Теперь из всего этого ничего не осталось — ни монастыря, ни окрестных ‘учреждений’ под красными фонарями. Трубная площадь преобразилась и стала одной из красивейших площадей Москвы, сливаясь с Цветным бульваром, полным зелени, цветов и тенистых деревьев.
Существовал в Москве знаменитый Сиротский суд, ведавший делами по опекам над малолетними сиротами, попечению о вдовах и по наследствам. Существовал этот суд со времен еще, кажется, ‘матушки Екатерины’, и потому чиновники уже на моей памяти получали жалованье все еще по старинке: столоначальники имели в месяц по 3 рубля 27 копеек, а тут — харчи, да квартира, да семья, да детишки с их школами, да жена с нарядами и капризами да с театрами, да и собственную персону ублажить надобно, а столоначальники бывали в чинах и с орденами… А их кухарка зарабатывала от них же втрое больше, чем сами они получали на службе. Ясно, что происходило из всего этого в ветхозаветном учреждении, где высшее жалованье получал — сторож. Между столоначальниками и клиентами иногда происходили примерно такие диалоги, похожие больше на анекдот.
— Прошу сделать доклад по моему делу,— говорил посетитель.
— Надо ждать,— отвечал столоначальник.
Но понимать это следовало так:
— Надо ж ‘дать’.
Выкладывалась ассигнация. ‘Данные’ становились удовлетворительными, и только тогда, после этого, дело поступало к действительному докладу.
И ведь это было в столице каких-нибудь пятьдесят—шестьдесят лет назад!

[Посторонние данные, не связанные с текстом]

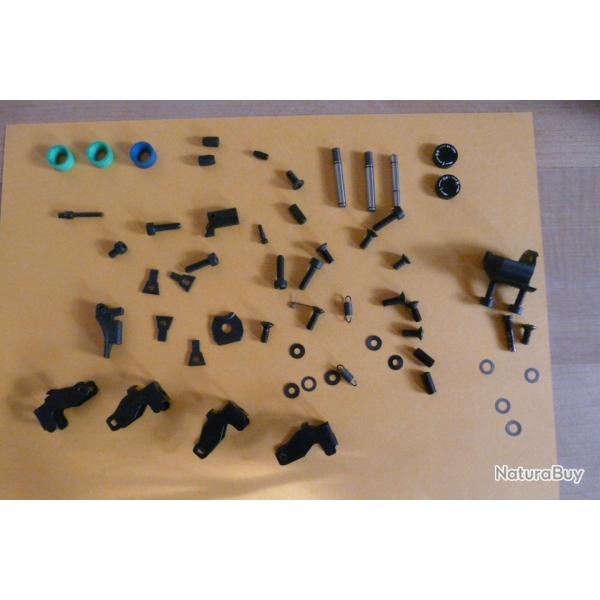 Important lot de pi�ces pour pistolet � air comprim� FEINWERKBAU LP65 ou LP80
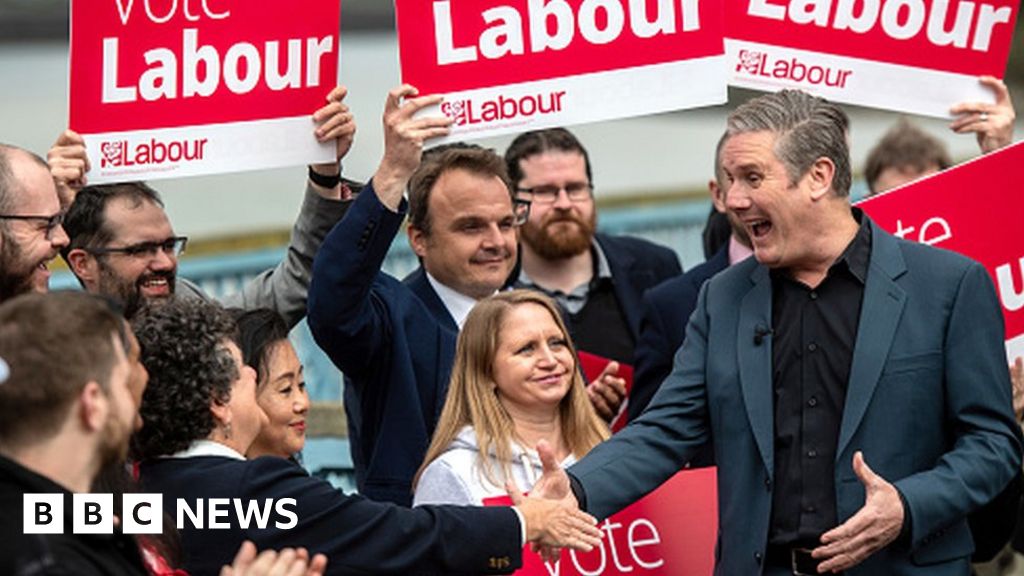 Labour gains ground in local elections, Tories suffer losses.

Всю эту нелепость вскрыл городской голова Н. А. Алексеев. Его сообщение в Думе о порядках в Сиротском суде вызвало и смех и стыд. В дальнейшем он водворил там порядок, а чтобы не было прежних злоупотреблений, увеличил жалованье служащим в сорок раз.
Это был человек труда и редкостной энергии. Общественному делу он отдавал всего себя, все свое время, а нередко и свои средства, чтобы немедленно сделать необходимое.
Вот случай, о котором в свое время говорила вся Москва. Дело было на заседании губернского земского собрания, где Алексеев присутствовал как один из его членов. Он нарисовал перед земцами жуткую картину жизни деревни, где видел своими глазами людей психически больных, в звериных условиях существования. Вопрос о призрении таких больных оставался открытым в течение пятнадцати лет, а Алексеев поставил его ребром и разрешил в пятнадцать минут.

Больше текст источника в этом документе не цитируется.